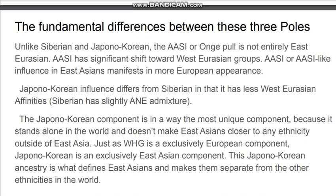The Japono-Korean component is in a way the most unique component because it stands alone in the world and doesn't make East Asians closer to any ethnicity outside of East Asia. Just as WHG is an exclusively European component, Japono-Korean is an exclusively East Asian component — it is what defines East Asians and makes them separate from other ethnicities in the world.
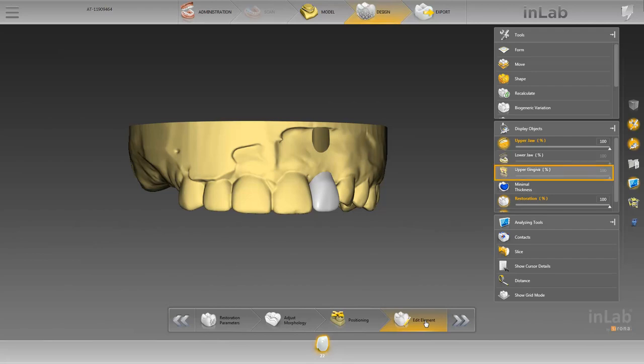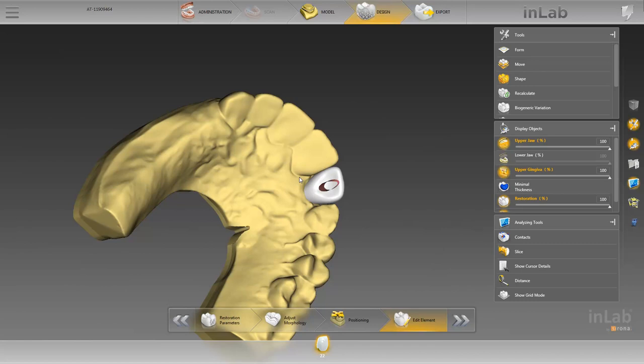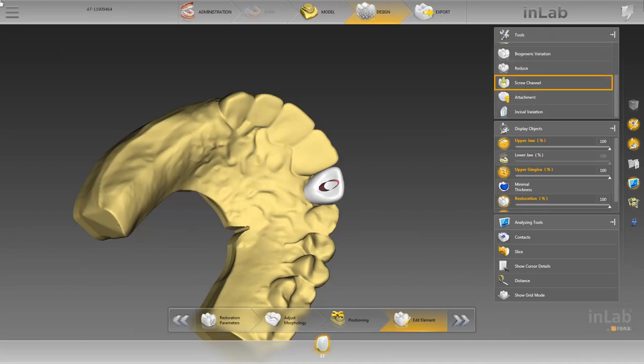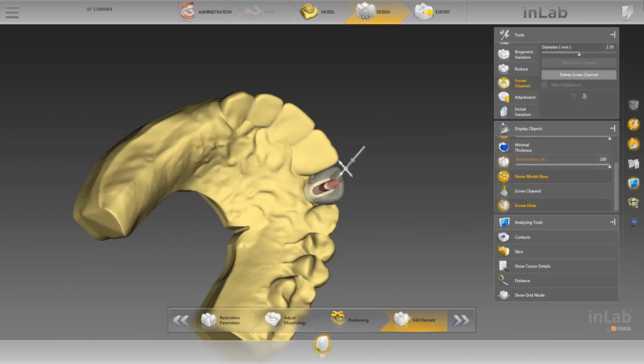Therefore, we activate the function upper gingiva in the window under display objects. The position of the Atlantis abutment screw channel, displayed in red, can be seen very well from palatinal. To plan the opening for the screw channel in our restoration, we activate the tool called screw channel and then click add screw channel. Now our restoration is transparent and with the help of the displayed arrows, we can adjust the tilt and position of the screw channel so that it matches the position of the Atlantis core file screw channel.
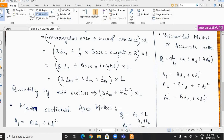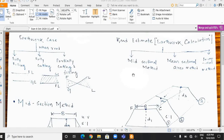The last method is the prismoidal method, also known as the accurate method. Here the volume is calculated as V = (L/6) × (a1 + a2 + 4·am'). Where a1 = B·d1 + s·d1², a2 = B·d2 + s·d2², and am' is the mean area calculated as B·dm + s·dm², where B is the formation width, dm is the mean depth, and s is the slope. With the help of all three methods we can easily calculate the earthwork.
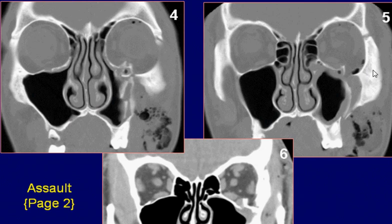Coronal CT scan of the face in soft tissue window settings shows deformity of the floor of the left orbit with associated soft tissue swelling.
· · · ·
Could you repeat each line above exactly as written? Omit the pictures.

* Reply to the exercise
The Japono-Korean component is in a way the most unique component because it stands alone in the world and doesn't make East Asians closer to any ethnicity outside of East Asia. Just as WHG is an exclusively European component, Japono-Korean is an exclusively East Asian component — it is what defines East Asians and makes them separate from other ethnicities in the world.
Therefore, we activate the function upper gingiva in the window under display objects. The position of the Atlantis abutment screw channel, displayed in red, can be seen very well from palatinal. To plan the opening for the screw channel in our restoration, we activate the tool called screw channel and then click add screw channel. Now our restoration is transparent and with the help of the displayed arrows, we can adjust the tilt and position of the screw channel so that it matches the position of the Atlantis core file screw channel.
The last method is the prismoidal method, also known as the accurate method. Here the volume is calculated as V = (L/6) × (a1 + a2 + 4·am'). Where a1 = B·d1 + s·d1², a2 = B·d2 + s·d2², and am' is the mean area calculated as B·dm + s·dm², where B is the formation width, dm is the mean depth, and s is the slope. With the help of all three methods we can easily calculate the earthwork.
Coronal CT scan of the face in soft tissue window settings shows deformity of the floor of the left orbit with associated soft tissue swelling.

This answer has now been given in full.